··· DATA FOR THIS TASK

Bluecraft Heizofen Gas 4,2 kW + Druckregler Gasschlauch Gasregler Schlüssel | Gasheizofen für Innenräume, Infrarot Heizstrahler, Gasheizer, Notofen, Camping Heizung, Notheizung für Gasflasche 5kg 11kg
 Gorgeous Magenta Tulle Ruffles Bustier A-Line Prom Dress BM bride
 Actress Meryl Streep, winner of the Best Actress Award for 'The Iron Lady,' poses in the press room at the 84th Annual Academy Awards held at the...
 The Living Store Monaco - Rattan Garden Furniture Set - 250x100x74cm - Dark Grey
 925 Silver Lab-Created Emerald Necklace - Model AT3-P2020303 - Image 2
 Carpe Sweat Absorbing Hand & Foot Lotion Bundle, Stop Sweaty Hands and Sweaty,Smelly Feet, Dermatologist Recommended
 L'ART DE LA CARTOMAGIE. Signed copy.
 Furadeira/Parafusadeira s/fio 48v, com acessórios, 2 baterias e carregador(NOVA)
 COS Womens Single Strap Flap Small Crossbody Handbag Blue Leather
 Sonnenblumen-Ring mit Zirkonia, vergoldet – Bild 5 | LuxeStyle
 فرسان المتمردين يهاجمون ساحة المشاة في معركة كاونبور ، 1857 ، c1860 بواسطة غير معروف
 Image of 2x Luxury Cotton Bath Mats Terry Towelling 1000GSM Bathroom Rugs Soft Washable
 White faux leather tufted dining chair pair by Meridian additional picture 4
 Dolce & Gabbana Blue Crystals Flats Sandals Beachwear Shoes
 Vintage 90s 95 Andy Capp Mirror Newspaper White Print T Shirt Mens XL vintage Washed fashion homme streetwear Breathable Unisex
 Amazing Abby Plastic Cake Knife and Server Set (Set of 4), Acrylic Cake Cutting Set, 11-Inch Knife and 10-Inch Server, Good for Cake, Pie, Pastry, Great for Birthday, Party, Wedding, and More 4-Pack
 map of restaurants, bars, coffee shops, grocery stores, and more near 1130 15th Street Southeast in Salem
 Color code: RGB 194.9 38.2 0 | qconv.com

······

● **WORK INSTRUCTION**:
Reproduce exactly the line containing "Amazing Abby Plastic" and every line after it through the end of the records above, and nothing else.

● **WRITTEN ANSWER**:
 Amazing Abby Plastic Cake Knife and Server Set (Set of 4), Acrylic Cake Cutting Set, 11-Inch Knife and 10-Inch Server, Good for Cake, Pie, Pastry, Great for Birthday, Party, Wedding, and More 4-Pack
 map of restaurants, bars, coffee shops, grocery stores, and more near 1130 15th Street Southeast in Salem
 Color code: RGB 194.9 38.2 0 | qconv.com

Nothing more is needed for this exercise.